Roger Baynes (1546–1623) was secretary to Cardinal Allen and an author.

Baynes, secretary to Cardinal Allen, was born in England in 1546. In the reign of Queen Elizabeth he abjured the Protestant religion and proceeded to the English College, Reims, where he arrived on 4 July 1579. In that year he accompanied Dr. Allen to Rome, and when that divine was raised to the cardinalate he became his secretary and major-domo. After the cardinal's death he gave himself up to religious exercises. He died on 9 October 1623, and was buried in the English College, Rome, where a monument to his memory was erected. The epitaph styles him "nobilis Anglus", and states that "ex testamento centum montium loca in pios usus reliquit, prout ex actis d. Michaelis Angeli Cesi notarij constat".

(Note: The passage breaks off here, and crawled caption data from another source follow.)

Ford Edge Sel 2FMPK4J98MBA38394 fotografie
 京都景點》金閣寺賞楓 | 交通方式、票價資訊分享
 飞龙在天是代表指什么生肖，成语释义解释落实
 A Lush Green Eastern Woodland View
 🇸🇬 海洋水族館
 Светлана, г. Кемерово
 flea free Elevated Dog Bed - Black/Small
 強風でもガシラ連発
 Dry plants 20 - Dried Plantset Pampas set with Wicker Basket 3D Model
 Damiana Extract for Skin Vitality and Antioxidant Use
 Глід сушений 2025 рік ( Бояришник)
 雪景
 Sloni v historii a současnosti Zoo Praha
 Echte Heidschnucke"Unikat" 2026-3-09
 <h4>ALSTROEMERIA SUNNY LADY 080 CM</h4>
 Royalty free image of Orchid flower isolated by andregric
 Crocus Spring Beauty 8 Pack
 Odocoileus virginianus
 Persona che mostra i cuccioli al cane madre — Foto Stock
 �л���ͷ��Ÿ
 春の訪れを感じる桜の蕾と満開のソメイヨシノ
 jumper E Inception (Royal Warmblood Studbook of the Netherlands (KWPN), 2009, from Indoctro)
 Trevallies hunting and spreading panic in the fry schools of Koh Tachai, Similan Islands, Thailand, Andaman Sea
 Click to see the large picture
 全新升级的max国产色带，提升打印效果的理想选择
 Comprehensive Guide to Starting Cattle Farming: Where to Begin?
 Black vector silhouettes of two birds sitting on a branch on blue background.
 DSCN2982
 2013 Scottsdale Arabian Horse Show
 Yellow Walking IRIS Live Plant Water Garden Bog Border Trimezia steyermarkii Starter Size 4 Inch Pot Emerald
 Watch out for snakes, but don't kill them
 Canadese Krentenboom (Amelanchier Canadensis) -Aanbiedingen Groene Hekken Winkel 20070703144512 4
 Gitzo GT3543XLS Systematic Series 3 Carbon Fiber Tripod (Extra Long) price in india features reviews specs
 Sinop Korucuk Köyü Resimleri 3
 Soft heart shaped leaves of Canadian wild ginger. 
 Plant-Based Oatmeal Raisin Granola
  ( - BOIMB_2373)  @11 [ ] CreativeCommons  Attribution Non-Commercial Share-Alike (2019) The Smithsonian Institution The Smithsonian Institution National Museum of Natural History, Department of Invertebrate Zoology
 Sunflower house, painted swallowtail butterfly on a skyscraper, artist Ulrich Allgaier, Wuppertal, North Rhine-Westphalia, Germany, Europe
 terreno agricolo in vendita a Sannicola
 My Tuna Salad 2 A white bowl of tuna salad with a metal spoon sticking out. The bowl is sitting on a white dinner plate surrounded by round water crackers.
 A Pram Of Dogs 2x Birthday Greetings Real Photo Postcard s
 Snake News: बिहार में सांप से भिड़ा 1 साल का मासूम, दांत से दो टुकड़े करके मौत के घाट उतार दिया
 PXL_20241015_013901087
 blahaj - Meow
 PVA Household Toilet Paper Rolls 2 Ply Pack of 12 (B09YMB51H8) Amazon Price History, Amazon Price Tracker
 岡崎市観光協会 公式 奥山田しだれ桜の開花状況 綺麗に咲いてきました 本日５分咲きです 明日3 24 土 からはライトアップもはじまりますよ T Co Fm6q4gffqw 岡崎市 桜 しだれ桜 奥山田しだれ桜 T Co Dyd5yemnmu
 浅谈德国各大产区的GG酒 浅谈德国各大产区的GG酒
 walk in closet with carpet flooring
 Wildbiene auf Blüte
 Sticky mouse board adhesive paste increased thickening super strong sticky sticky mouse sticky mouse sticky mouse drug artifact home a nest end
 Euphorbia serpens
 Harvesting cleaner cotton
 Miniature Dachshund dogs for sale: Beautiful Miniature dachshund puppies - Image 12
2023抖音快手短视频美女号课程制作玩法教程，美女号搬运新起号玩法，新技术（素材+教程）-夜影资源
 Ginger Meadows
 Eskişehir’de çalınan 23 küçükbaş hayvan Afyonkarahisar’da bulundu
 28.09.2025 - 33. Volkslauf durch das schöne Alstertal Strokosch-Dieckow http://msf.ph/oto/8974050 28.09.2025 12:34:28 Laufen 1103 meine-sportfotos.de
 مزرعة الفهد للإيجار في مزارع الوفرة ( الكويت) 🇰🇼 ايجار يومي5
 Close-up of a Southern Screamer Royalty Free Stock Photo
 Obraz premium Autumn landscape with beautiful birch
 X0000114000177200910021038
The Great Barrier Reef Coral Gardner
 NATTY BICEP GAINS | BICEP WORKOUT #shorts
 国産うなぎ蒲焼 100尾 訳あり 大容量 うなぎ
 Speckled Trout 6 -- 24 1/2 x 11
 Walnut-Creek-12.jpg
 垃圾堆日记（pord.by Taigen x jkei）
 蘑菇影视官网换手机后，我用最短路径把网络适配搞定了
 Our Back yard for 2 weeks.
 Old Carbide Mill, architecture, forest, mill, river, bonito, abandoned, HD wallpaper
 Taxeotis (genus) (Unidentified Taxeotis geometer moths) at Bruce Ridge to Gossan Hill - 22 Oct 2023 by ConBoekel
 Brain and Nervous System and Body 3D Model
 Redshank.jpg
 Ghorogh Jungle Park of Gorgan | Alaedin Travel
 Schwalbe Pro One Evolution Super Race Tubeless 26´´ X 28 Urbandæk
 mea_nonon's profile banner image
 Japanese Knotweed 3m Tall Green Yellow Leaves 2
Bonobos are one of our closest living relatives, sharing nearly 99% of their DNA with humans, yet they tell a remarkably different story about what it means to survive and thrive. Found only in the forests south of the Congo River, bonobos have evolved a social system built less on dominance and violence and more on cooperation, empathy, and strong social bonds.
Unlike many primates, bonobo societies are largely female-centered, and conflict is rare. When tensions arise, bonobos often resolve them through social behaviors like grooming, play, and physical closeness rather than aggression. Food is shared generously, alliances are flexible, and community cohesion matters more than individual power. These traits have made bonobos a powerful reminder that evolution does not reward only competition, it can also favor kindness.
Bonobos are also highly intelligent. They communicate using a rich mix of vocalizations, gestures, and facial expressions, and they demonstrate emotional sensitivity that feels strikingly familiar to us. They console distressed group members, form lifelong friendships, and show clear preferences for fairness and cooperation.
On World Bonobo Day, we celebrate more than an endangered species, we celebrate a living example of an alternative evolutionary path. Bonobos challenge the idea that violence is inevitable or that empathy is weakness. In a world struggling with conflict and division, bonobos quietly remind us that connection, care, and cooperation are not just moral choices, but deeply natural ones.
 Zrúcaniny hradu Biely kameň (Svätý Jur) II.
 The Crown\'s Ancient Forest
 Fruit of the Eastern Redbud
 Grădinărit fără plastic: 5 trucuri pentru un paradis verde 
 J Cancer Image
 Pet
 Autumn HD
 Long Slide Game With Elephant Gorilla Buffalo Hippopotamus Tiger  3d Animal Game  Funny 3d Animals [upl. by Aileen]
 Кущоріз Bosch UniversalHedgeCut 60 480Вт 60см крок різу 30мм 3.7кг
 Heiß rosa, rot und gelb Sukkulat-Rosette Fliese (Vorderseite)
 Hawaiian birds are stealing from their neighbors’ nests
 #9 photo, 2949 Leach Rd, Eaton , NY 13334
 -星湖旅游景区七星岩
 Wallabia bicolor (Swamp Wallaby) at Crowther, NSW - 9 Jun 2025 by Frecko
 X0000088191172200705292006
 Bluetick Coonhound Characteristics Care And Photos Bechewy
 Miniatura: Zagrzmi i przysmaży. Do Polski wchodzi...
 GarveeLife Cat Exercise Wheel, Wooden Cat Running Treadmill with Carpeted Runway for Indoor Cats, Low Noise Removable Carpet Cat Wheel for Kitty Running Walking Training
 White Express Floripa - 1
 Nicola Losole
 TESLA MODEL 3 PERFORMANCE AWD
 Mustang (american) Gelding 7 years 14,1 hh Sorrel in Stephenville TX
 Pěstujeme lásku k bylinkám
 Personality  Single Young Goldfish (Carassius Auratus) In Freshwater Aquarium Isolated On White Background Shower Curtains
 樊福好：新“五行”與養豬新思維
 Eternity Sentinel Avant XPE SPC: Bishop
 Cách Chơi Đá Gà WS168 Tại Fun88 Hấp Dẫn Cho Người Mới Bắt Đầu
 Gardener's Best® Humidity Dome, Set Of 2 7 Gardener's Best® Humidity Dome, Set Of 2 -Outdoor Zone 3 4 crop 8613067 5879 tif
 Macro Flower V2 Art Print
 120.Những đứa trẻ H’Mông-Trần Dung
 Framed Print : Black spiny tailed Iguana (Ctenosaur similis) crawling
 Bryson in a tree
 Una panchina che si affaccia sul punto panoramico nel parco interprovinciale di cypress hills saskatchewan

He is the author of two excessively rare works, the first of which is entitled: "The Praise of Solitarinesse, Set down in the forme of a Dialogue, Wherein is conteyned a Discourse Philosophical of the lyfe Actiue and Contemplatiue. Imprinted at London by Francis Coldocke and Henry Bynneman, 1577. Qui nihil sperat, Nihil desperat" (4to). The dedication to the author's approved friend, Mr. Edward Dyer, and is signed Roger Baynes. The second is "The Baynes of Aqvisgrane, The I. Part & I. Volume, intitvled Variety. Contayning Three Bookes, in the forme of Dialogues, vnder the Titles following, Viz. Profit, Pleasvre, Honovr. Furnished with diuers things no lesse delightfull then beneficiall to be knowne and obserued. Related by Rog. Baynes Gent. a long Exile out of England, not for any temporall respects. Qui nihil sperat nihil desperat. Printed at Augusta in Germany, M.DC.XVII." (4to). A notice from the printer to the reader informs us that "this present Volume, and the rest that are to follow, though they have not come to the Presse till now, yet haue they byn written some yeares ago, in the tyme of the late Queene Elizabeth." Only the first book Of Profit appears to have been printed.